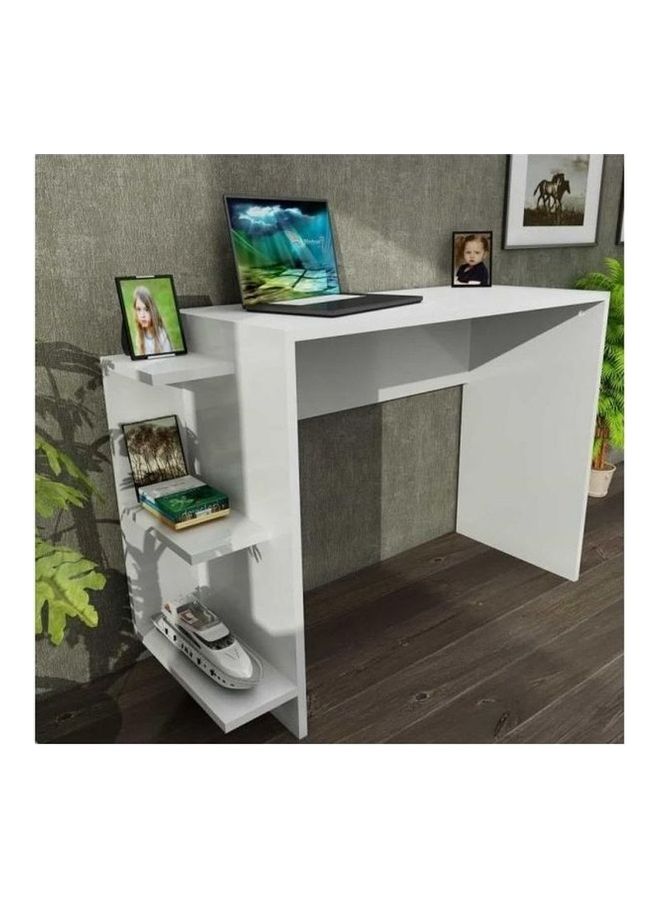 DecoModul Sean Desk White - Image 1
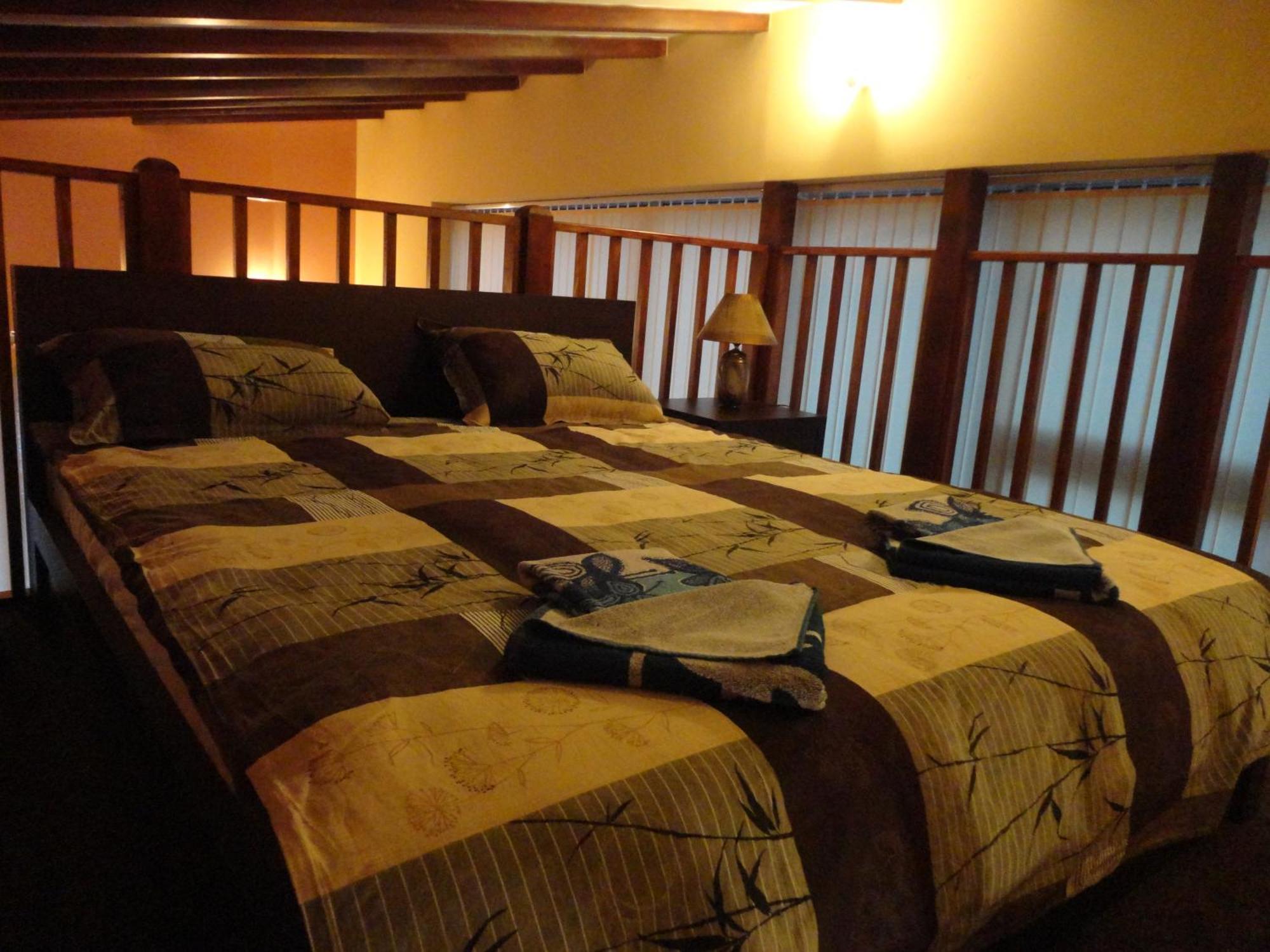 Mountain Dreams Apartment Saparewa Banja Zewnętrze zdjęcie
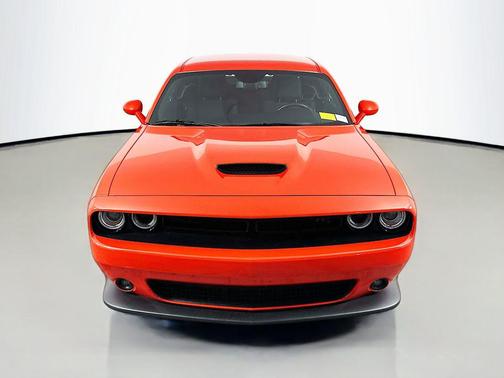 Go Mango 2021 Dodge Challenger R/T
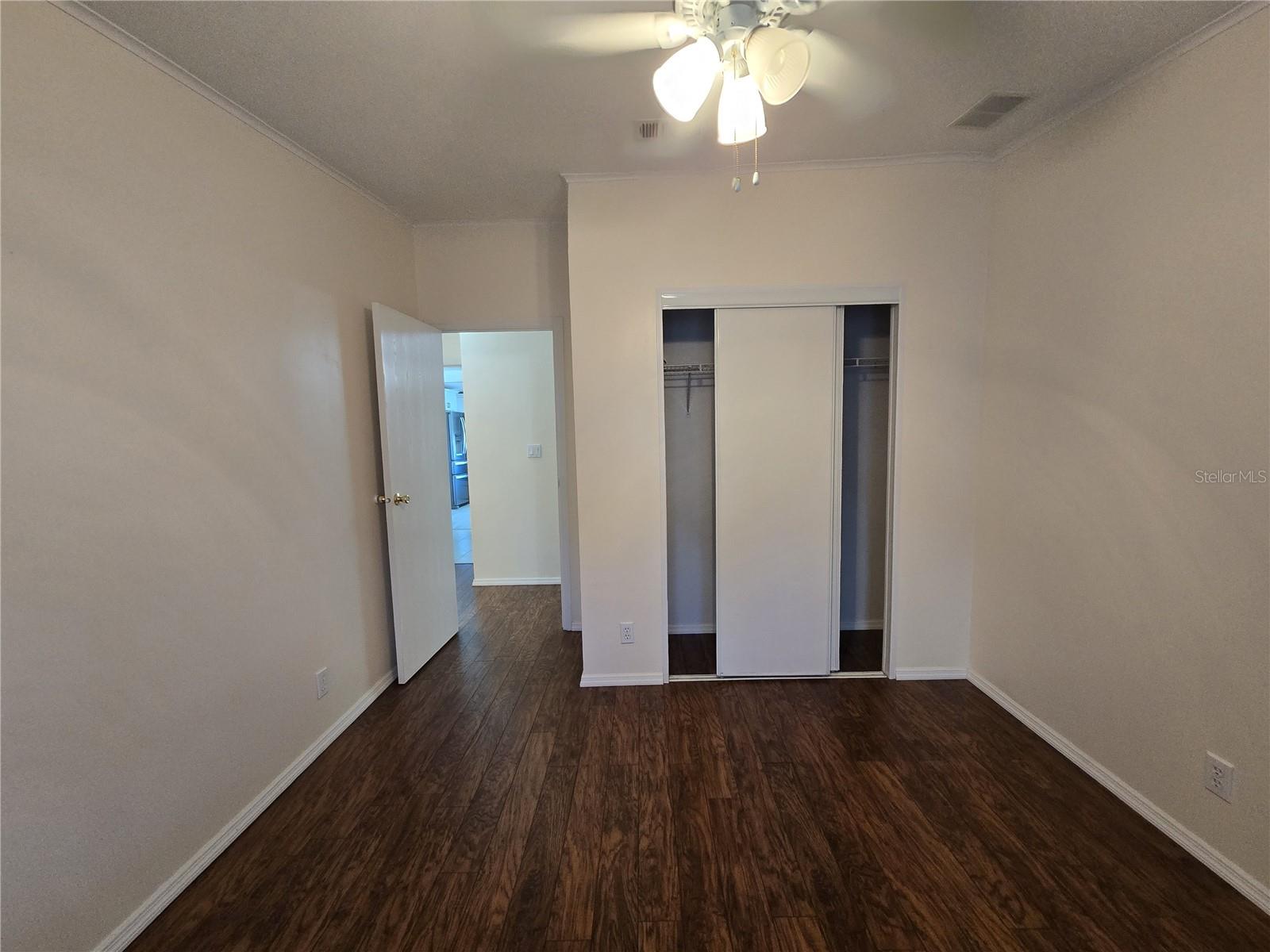 ZELLWOOD STATION COOP MH PARK - Residential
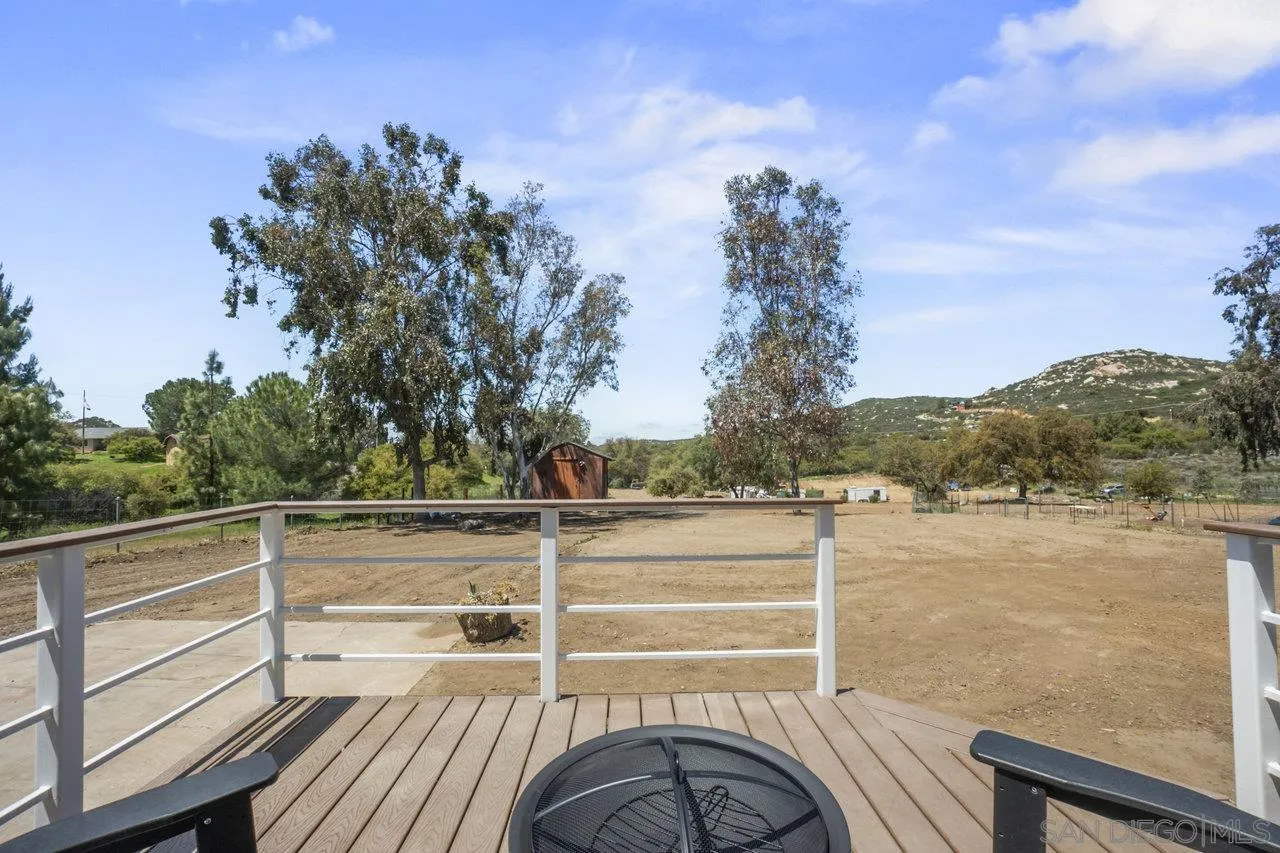 23471 Japatul Valley Road Alpine, CA 91901 - Photo 40 of 57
•••
# ABOUT THIS EXERCISE
The lines to copy begin at the one containing "Go Mango 2021 Dodge Challenger R/T" and end at the last line of the records. Set down exactly those lines and no others, both ends included, and omit all pictures.

# RESPONSE TO THIS TASK
 Go Mango 2021 Dodge Challenger R/T
 ZELLWOOD STATION COOP MH PARK - Residential
 23471 Japatul Valley Road Alpine, CA 91901 - Photo 40 of 57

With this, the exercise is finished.